[Material for this task Boundary: Start]

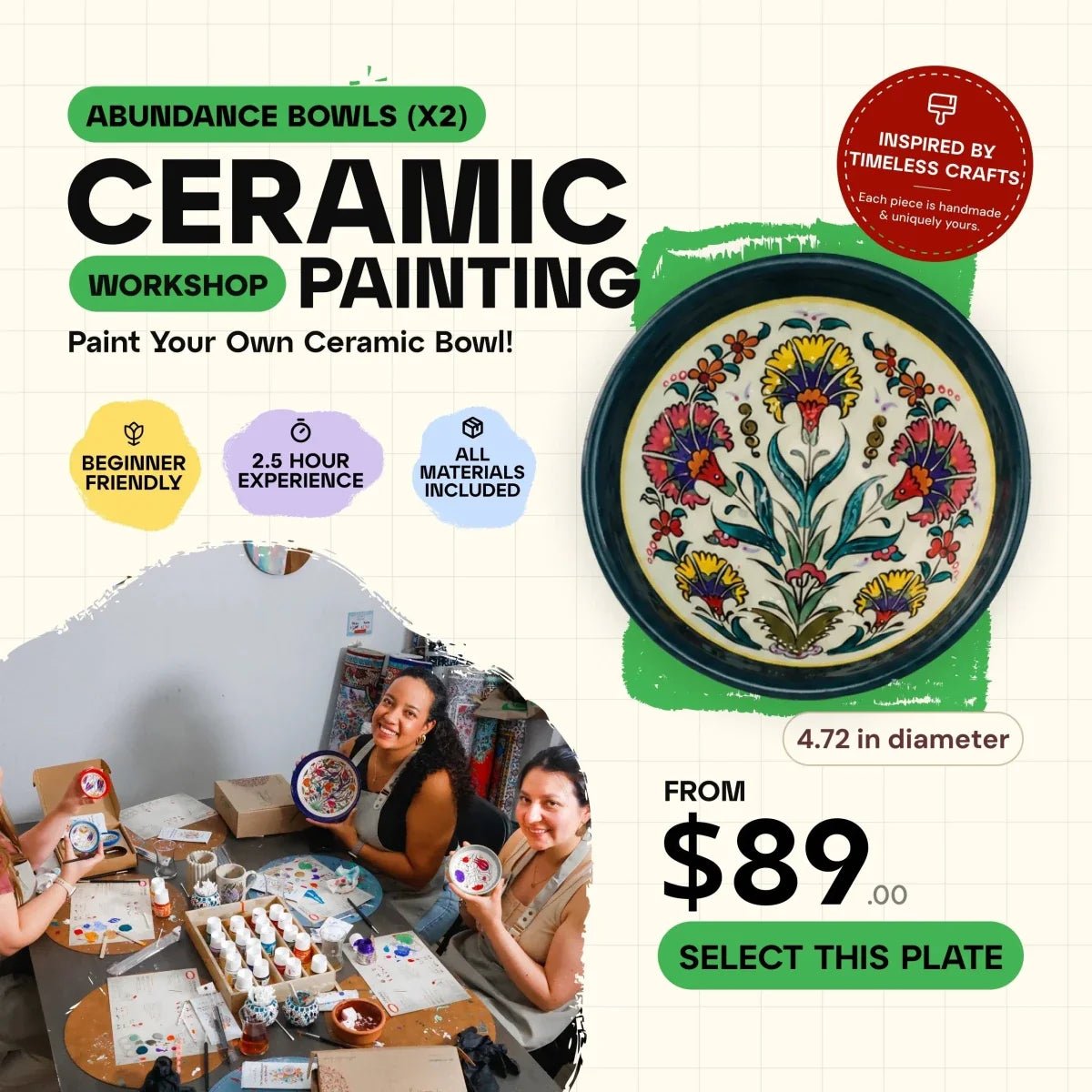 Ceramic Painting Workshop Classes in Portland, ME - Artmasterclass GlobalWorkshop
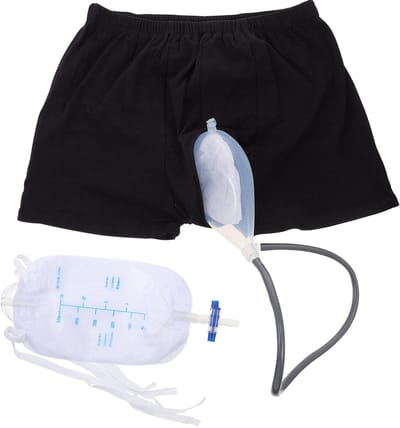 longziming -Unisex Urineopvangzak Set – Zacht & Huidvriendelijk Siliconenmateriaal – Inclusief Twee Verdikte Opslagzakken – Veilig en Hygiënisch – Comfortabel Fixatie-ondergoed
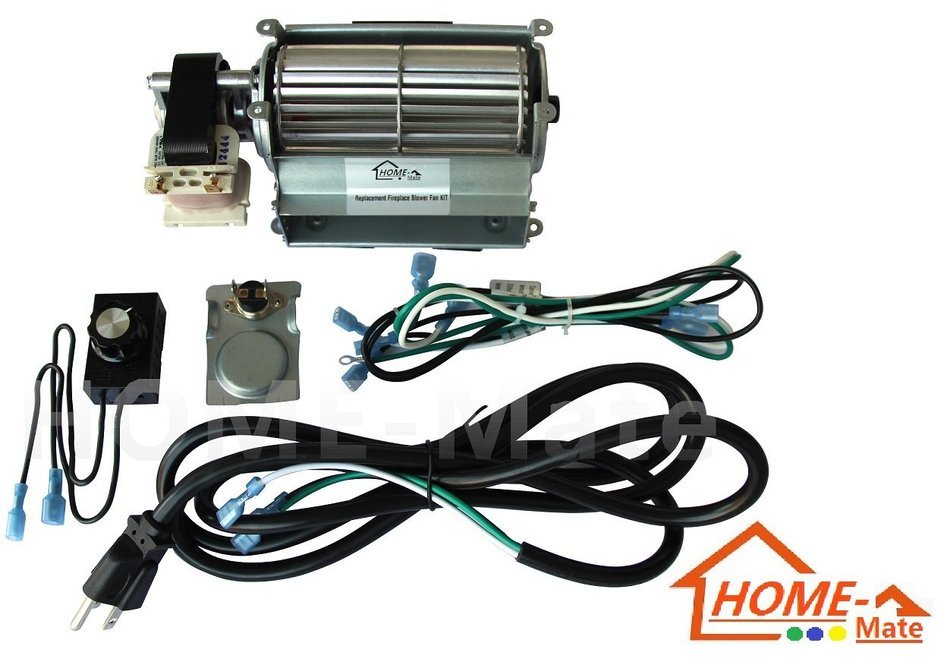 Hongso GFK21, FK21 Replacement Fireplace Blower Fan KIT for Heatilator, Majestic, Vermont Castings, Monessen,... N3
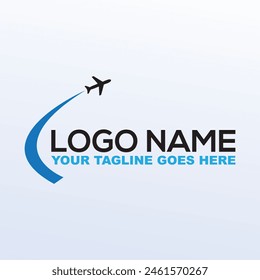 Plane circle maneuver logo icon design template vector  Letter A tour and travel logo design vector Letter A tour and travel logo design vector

[Material for this task Boundary: End]
[Material for this task Boundary: Start]

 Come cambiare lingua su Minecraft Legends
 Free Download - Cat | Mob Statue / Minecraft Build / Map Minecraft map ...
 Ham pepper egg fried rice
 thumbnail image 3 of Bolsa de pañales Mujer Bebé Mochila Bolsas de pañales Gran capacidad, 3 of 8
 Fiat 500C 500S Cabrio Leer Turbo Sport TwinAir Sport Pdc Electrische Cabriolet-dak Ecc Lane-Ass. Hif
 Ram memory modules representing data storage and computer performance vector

[Material for this task Boundary: End]

**Exercise aim:**
Scan the listing above for the line that has "Free Download - Cat", then copy exactly from that line through the line that has "Ram memory modules".

**Result of this exercise:**
 Free Download - Cat | Mob Statue / Minecraft Build / Map Minecraft map ...
 Ham pepper egg fried rice
 thumbnail image 3 of Bolsa de pañales Mujer Bebé Mochila Bolsas de pañales Gran capacidad, 3 of 8
 Fiat 500C 500S Cabrio Leer Turbo Sport TwinAir Sport Pdc Electrische Cabriolet-dak Ecc Lane-Ass. Hif
 Ram memory modules representing data storage and computer performance vector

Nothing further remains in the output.